Saturday, October 13, 2012

Lunch at the Writers' Table

You were becoming weird even before you were aware of what weirdness was.  Same thing as saying you were beginning to inspect and inhabit your inner youness, all the while accustoming yourself to interactions with your peers and adults such as teachers and adults who were your parents’ friends, and adult members of your extended family.

For a time, you wanted to be like your peers, aware of ways some of them formed discreet groups, aware as well of particular peers who befriended you and you them.  As such things evolved for you, wanting to be like (and be liked by) others became its own desperate goal for a time, slowly morphing into a laissez faire attitude that by now has considerable influence on how you enter a situation and behave within it.

The history of this weirdness and otherness factor came into focus this morning in the flotsam of your thought process during comments in the Saturday Writing Group you host at the Café Luna in Summerland.  The conversation sent you reeling back to one of the more unpleasant times in your life, which you referred to even then as Stalag 17, the gulag, and JBenwald, all from the youthful harshness of being an inmate in junior high school.  The notion was made even more vivid by the reflections of one of the group about her experiences in the junior high school slightly north of you toward Hollywood.

You vividly recalled an awareness of a larger group of students whom you assigned group qualities with no real evidence of their own preferences in the matter.  They all seemed to know one another, which in retrospect informed your vision of their group-ness.

Indeed, at a high school reunion, you learned that two of this junior high “group” had married, and one other from the junior high group, whom you also known in grammar school, reflected that you and she had known one another over a major span of your separate lives.  “If we’d known how to be friends then,” she reflected, “we’d be able to say we were lifelong friends.  As it is, we’ve still known one another most of our life.”

Yet another, whom you’d desperately wished to be in a boyfriend-girlfriend relationship with, but had no ability—even minus ability—to engage a functional conversation with, confessed the same thing about you, leading to the greater honesty of you confessing you were too busy being weird and her confession of her being too busy being popular.

The thrust of your memory this morning was the memory of your own eat-lunch-with group, self-acknowledged weird sorts, and a boy who sat nearby but not with the group.  He seemed to identify with your group’s weirdness and yet saw himself as outsider to that.  You remember thinking he should be eating lunch with us.  You remember even talking to him at times, and, alas, you remember the “reason” why he remained an outsider, although you do not remember the source of the judgment.  Stanley—the boy—was good in math.

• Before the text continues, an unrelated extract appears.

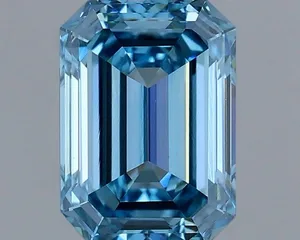 1.2ct EMERALD Fancy Vivid Blue VVS2 Coloured Lab diamond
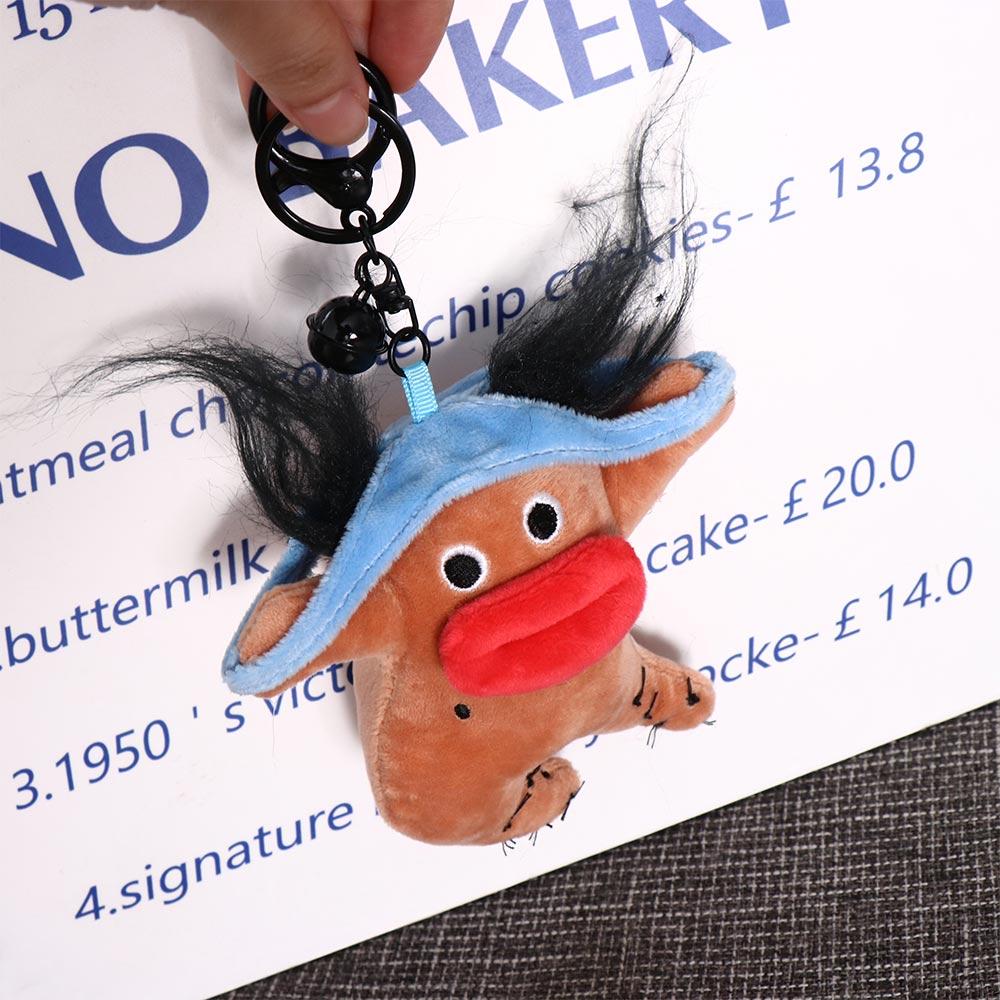 Stuffed Big Eyes Fabric Doll Key Chain PP Cotton Ugly Doll Pendant Unisex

You were, likely still are, one of the least arithmetic persons you know.  Stanley confounded the “us” by consistent high grades in math tests, a fact that seemed even to irritate Mr. Hunt, the math teacher and by you account one of the most disliked and dreaded teachers.  Stanley was “good in math.”

That was all then, a time during which you indulged certain fantasies, initiated your own rituals, formed a protective Teflon ® about your feelings as you began in one way or another setting them down on the page.

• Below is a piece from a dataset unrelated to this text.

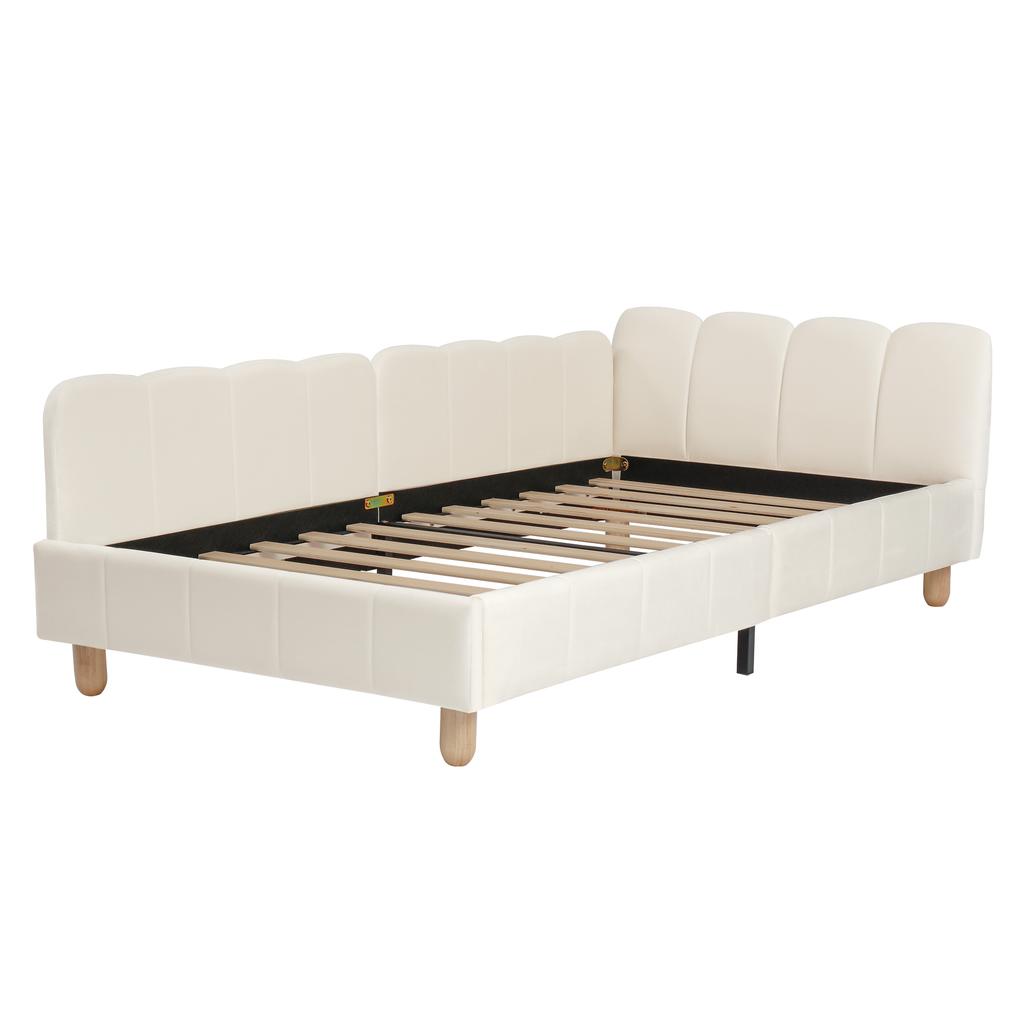 Polsterbett, Einzelbett, Kinderbett 90 x 200 cm, Bett mit gepolstertem Kopfteil und Absturzsicherung, Bettfüße aus Massivholz, Samt, Beige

Now, you, in effect, sit at the table with the writers, your demographic enormous in terms of age, gender, race and background.  There are, to be sure, those with whom you have friendships that transcend class, background, age, and race, others who cannot abide you nor you them.  Yet there is the at times grudging awareness that the common bond is the weirdness, the differing line that brought us to the table.

As you breakfasted this morning, someone came to the table with a book by an author for whom you have no regard as a writer, but whose appearance and spoken condolence at the memorial to your late wife moved you.  You should really read this book, the reader of it advised you.  And your response, a brisk nod, a nod with an adverb, perhaps, he nodded wisely or he nodded knowingly.  It was by no means, he nodded dismissively or he nodded curtly.

Writers are a segment of and rendition of a larger humanity, as large and petty at the same time as you are large and petty, as argumentative, insightful, notional, and quirky as you.  It does not matter if you are good at math, so long as you get your pages done.